Stop the military occupation of Haiti!
central america / caribbean |
imperialism / war |
feature
Wednesday August 17, 2005 23:08
by José Antonio Gutiérrez D. - OCL-Chile

Haiti: A scar in the face of America
Not much has been written about the continuing occupation of Haiti despite claims that around 10,000 people have died as a result of political violence and repression in just one year. This article by a Chilean anarchist summarises the history of the island and the events of recent years.
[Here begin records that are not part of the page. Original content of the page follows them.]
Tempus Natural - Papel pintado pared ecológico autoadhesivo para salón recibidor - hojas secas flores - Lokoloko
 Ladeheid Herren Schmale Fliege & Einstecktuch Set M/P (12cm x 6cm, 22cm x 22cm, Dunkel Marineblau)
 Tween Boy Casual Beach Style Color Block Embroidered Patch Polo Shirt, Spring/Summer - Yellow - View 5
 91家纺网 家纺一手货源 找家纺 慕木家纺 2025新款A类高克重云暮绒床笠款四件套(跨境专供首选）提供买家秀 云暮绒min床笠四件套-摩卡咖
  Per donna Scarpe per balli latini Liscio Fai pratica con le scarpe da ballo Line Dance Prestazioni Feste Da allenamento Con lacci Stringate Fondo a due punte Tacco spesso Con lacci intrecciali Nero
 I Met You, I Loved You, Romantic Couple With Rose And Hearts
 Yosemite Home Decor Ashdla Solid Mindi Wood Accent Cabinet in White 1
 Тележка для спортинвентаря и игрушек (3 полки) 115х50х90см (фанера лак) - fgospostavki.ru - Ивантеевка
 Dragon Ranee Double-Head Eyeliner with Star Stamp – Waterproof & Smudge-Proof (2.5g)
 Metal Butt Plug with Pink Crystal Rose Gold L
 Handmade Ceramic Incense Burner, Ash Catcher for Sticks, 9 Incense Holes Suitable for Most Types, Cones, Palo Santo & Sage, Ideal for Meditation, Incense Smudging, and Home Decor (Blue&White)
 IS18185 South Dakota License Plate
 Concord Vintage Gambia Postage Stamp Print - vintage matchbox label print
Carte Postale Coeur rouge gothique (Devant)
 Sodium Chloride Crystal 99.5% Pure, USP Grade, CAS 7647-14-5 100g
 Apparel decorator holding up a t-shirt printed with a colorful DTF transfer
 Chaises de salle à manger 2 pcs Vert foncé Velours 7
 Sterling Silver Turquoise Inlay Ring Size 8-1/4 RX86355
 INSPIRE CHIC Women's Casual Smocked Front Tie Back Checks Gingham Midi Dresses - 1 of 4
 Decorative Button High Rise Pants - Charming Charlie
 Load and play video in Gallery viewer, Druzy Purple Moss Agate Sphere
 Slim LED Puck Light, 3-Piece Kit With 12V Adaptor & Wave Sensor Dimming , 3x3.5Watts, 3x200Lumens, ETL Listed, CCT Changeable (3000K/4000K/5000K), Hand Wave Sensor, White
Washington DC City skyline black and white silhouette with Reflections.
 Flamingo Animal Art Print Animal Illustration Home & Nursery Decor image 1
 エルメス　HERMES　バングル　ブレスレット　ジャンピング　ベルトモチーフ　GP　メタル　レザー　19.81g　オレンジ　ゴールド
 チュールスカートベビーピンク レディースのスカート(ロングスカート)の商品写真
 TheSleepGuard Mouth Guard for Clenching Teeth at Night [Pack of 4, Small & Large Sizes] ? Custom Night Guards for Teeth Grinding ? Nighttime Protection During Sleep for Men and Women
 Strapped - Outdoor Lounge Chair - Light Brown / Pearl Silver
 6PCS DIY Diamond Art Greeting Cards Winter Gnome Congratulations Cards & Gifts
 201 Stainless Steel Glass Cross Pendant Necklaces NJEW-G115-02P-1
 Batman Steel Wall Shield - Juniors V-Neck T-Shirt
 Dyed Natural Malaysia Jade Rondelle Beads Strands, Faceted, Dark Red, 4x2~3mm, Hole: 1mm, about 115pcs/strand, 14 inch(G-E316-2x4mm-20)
The article is a brief summary of two articles previously published
in Spanish,
"Haiti:
la cara sucia de las razones humanitarias" (OSL editions, Buenos
Aires, Argentina, 2004) and
"Ayití,
una cicatriz en el rostro de América Latina" (both
documents are available on Anarkismo.net. The full references are
published in the mentioned articles and the interested reader can
consult them online.
Image from Chicago indymedia
Stop the military occupation of Haiti!
Deye Mon, gen Mon
(After the mountains, come more mountains -Haitian Proverb)
Haiti is a small country (28,000 sq. Kms), that shares the western
part of the same island with the Dominican Republic. 8 million human
beings live there in desperately poor conditions, dwelling in
overcrowded shanty towns, that don’t meet the basic standards to
fulfill the most essential human needs:
- just 46% of the population have access to safe water
- leatrines are a luxurious item in most houses in the poor
areas of the biggest cities (Port Au Prince, Gonaive, Cap
Haitien),
- AIDS rates are rampant (6%, actually, the highest in America)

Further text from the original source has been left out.